• SOURCE DATA:
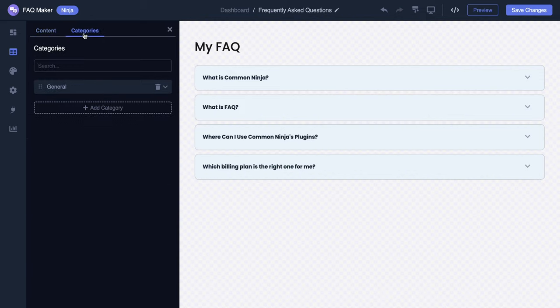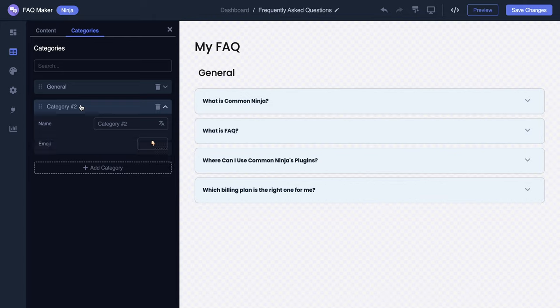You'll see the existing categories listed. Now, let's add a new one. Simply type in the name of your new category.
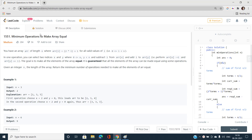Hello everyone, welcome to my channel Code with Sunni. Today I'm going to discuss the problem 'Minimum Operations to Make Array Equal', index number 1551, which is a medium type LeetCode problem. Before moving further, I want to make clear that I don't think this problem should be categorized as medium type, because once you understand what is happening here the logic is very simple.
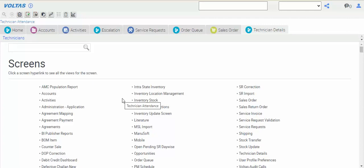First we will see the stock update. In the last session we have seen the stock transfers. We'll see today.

• EXERCISE REQUIREMENTS: Word for word, restate the whole listing and drop the images.

• REPLY:
You'll see the existing categories listed. Now, let's add a new one. Simply type in the name of your new category.
Hello everyone, welcome to my channel Code with Sunni. Today I'm going to discuss the problem 'Minimum Operations to Make Array Equal', index number 1551, which is a medium type LeetCode problem. Before moving further, I want to make clear that I don't think this problem should be categorized as medium type, because once you understand what is happening here the logic is very simple.
First we will see the stock update. In the last session we have seen the stock transfers. We'll see today.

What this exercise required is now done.